Records excerpted from a collection
+--

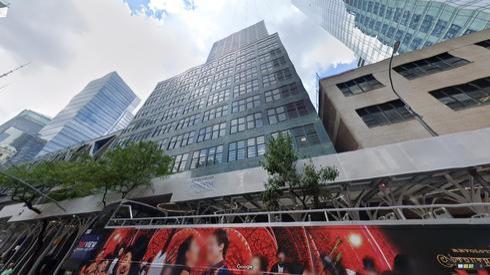 rent office 330 west 42nd street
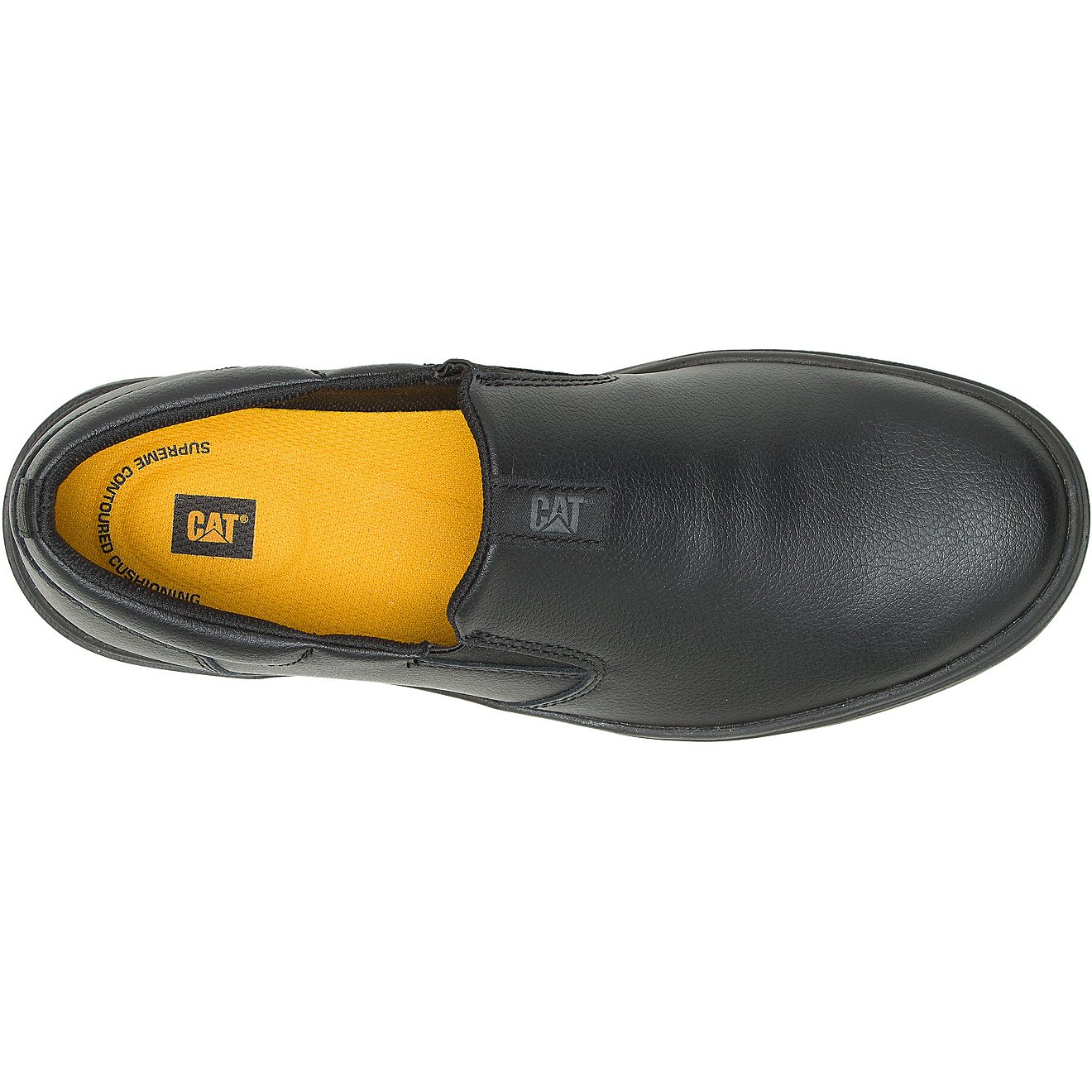 CAT Men’s Pro Rush SR+ Slip-On Speed FX Service Shoes                                                                          - view number 3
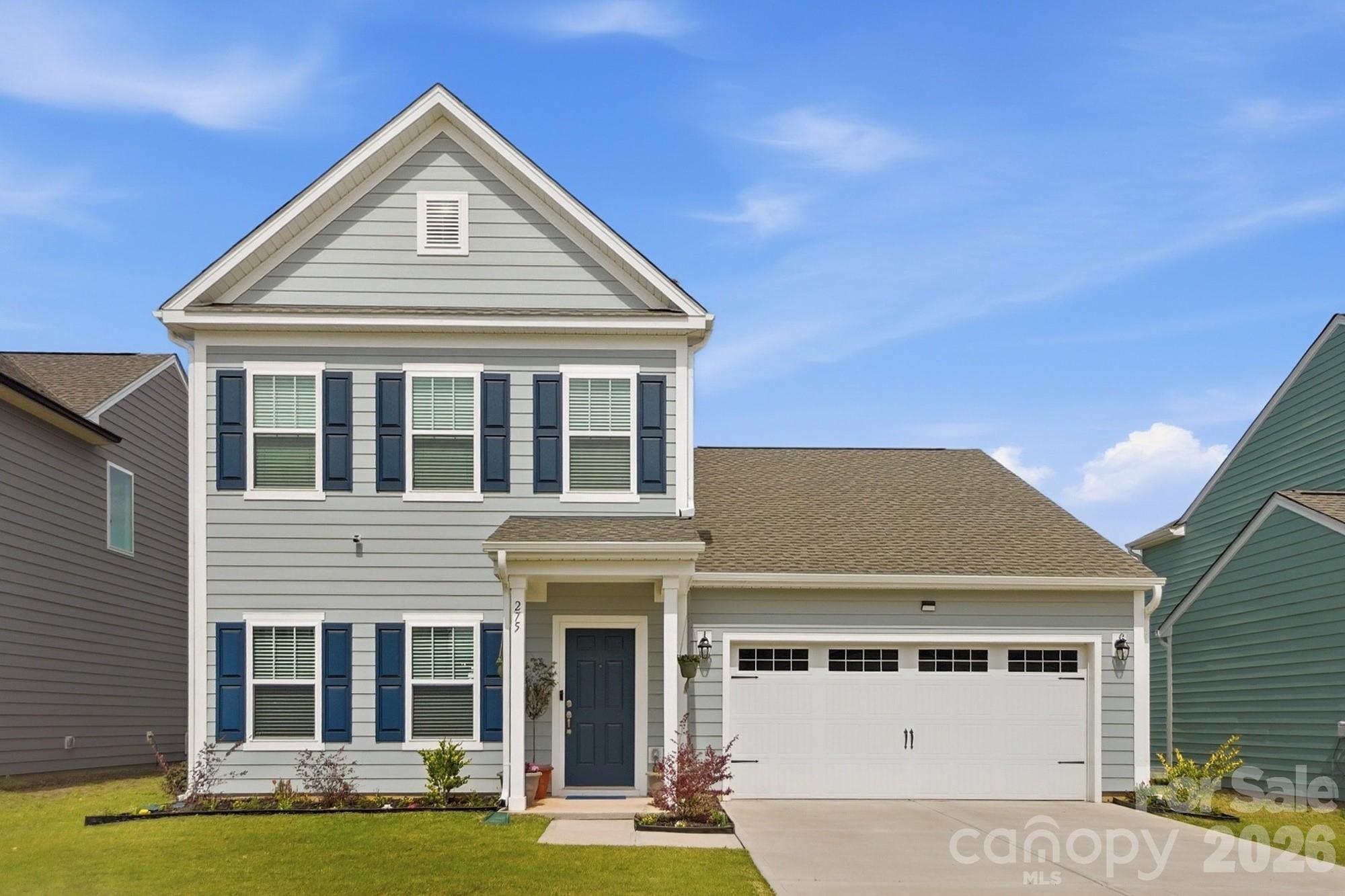 The Glenns - Residential
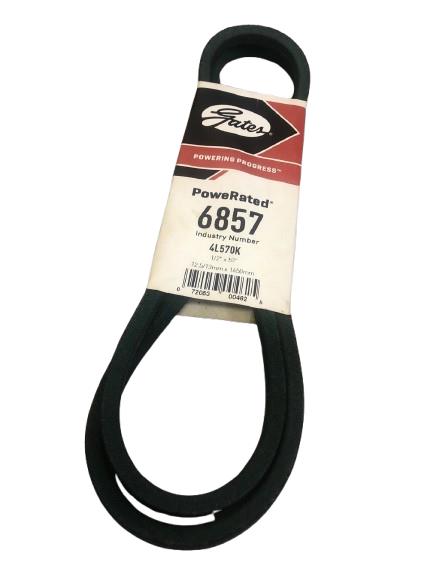 6857 by GATES
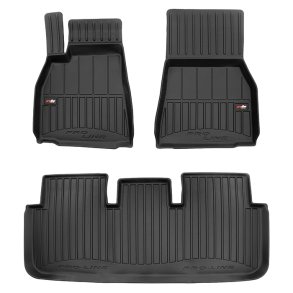 Gummimtter Tesla Model S 2021-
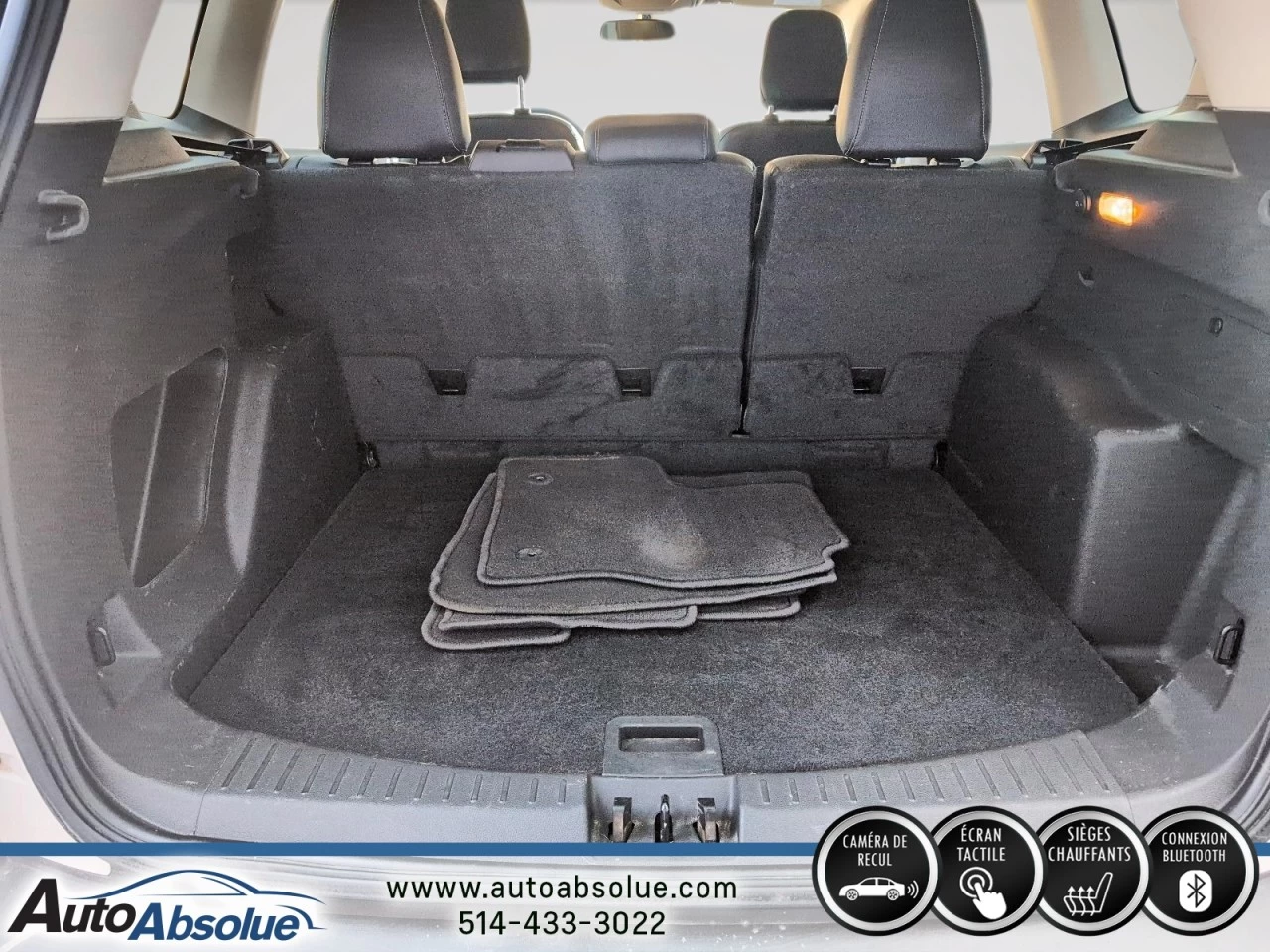 2018 Ford Escape SEL Main Image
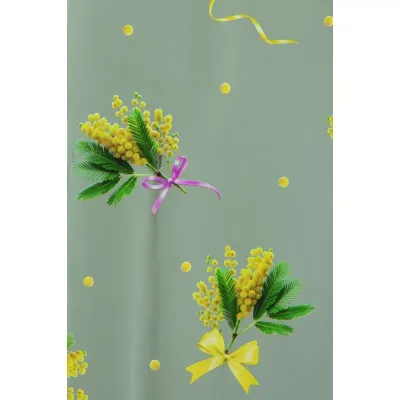 Spezz. 20x40 chanelle argento (pz.100)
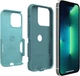 Чехол двойной противоударный OtterBox Commuter Series 77-85432 для Iphone 13 Pro (6.1") Blue - изображение 3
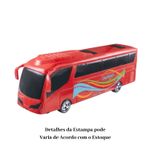 Ônibus de Brinquedo Champion Infantil Carrinho Para Menino Presente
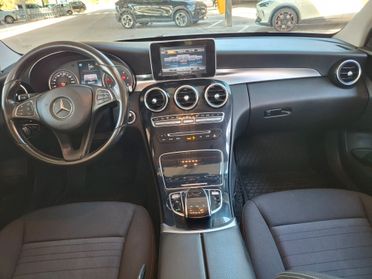 Mercedes-benz C 200 d S.W.*AUTOMATICA*EURO 6b*-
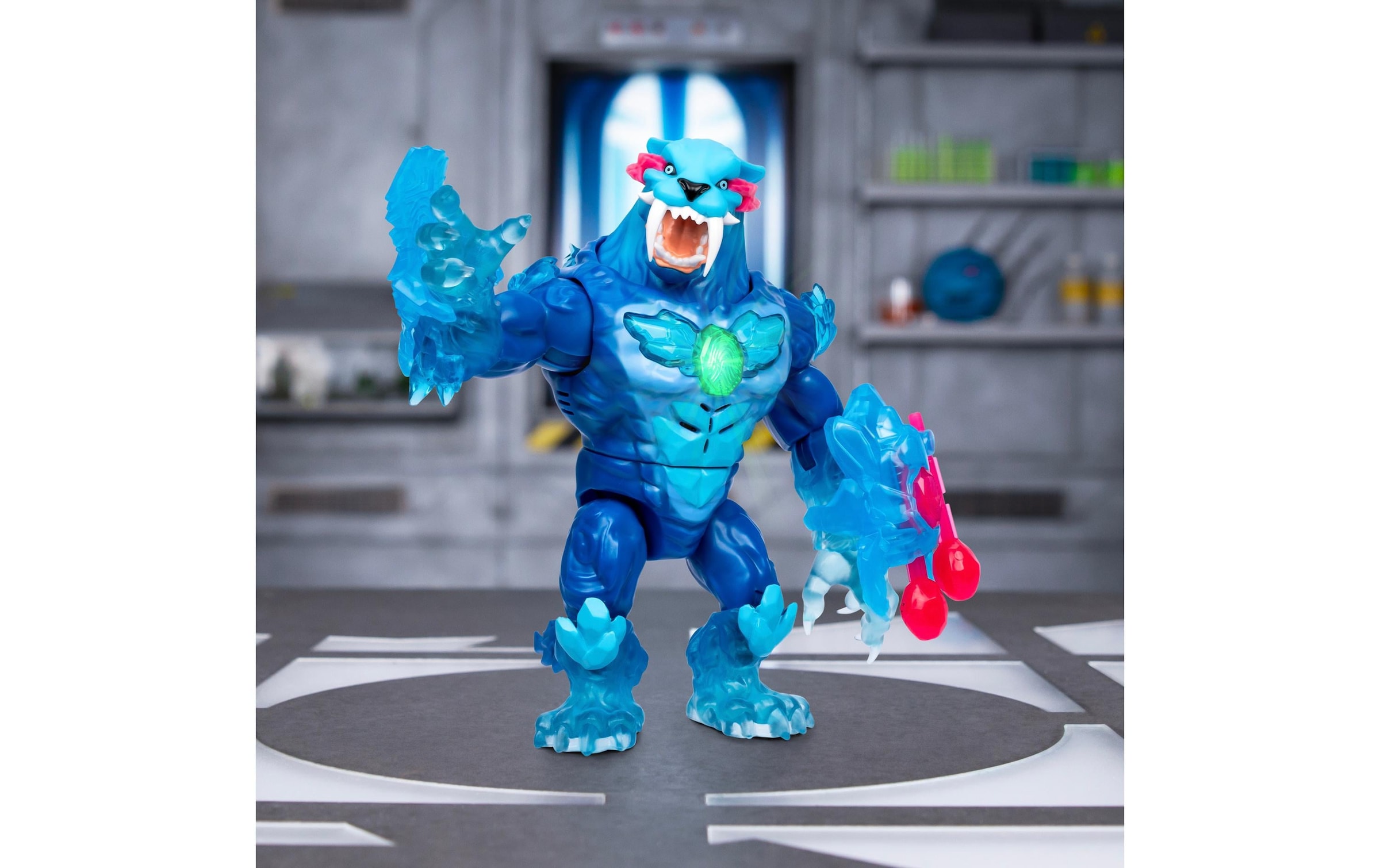 Moose Experimentierkasten »Mr Beast Lab Cyro Chamber«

+--

Only text belongs in the copy: repeat each line of the data exactly and leave out the pictures.

 rent office 330 west 42nd street
 CAT Men’s Pro Rush SR+ Slip-On Speed FX Service Shoes                                                                          - view number 3
 The Glenns - Residential
 6857 by GATES
 Gummimtter Tesla Model S 2021-
 2018 Ford Escape SEL Main Image
 Spezz. 20x40 chanelle argento (pz.100)
 Чехол двойной противоударный OtterBox Commuter Series 77-85432 для Iphone 13 Pro (6.1") Blue - изображение 3
 Ônibus de Brinquedo Champion Infantil Carrinho Para Menino Presente
 Mercedes-benz C 200 d S.W.*AUTOMATICA*EURO 6b*-
 Moose Experimentierkasten »Mr Beast Lab Cyro Chamber«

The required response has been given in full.